Rezension

Wer ist der Junge auf dem Blindgänger?

Der Schieber - Cay Rademacher

Der Schieber
von Cay Rademacher

Bewertet mit 5 Sternen

Hamburg, Frühjahr 1947 – die Stadt ist nach wie vor größtenteils zerstört. Täglich werden Blindgänger gefunden und entschärft. Die Menschen hungern. Wenigstens frieren sie nicht mehr, denn es herrscht jetzt Ende Mai Tropenhitze. Der Schwarzmarkt floriert.

Dies ist die Kulisse zu Frank Staves zweitem Fall. Er wird zu einem Mordfall in den Hafen gerufen. Ein toter Jugendlicher liegt dramatisch drapiert auf einer Fliegerbombe. Da der Hafen dem Britischen Militär untersteht, ist auch Lt. James MacDonald bei den Ermittlungen wieder an seiner Seite.

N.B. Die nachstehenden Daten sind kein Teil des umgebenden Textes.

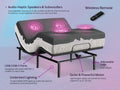 Goodvibesleep Ease Flex Head Mattress And Adjustable Base Comfort Ensemble, Queen Size Gray Foam Queen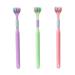 Soft Three-Headed Toothbrush for Kids & Adults - Travel-Friendly Tongue Coating Brush in Purple - Buy Online on GoSupps.com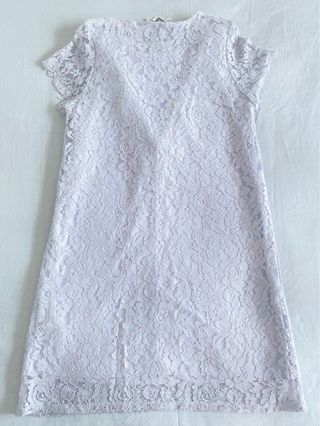 Vestido Corto Retro de Encaje Azul Claro | Zara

Stave hat nicht nur bei seiner Arbeit den Mörder zu finden Probleme, nein auch in seinem Privatleben geht es drunter und drüber. Karl, sein Sohn kehrt aus der russischen Kriegsgefangenschaft wieder zurück. Das Zusammenleben der beiden vom Krieg gebeutelten Männer gestaltet sich schwierig. Dazu kommt, dass Staves Beziehung zu Anna hart auf die Probe gestellt wird. Sie gibt nicht allzu viel aus ihrer Vergangenheit preis, was den Polizisten zum Grübeln bringt.

Die Suche nach dem Mörder gestaltet sich verzwickt. Da ist zum einen sein Kollege Cäsar Dönnecke, der ihm das Leben schwer macht und zum anderen werden weitere Kinder, die allesamt das erste Mordopfer kannten, ermordet.
Wie hängen diese Verbrechen zusammen? Denn, dass sie zusammenhängen ist offensichtlich.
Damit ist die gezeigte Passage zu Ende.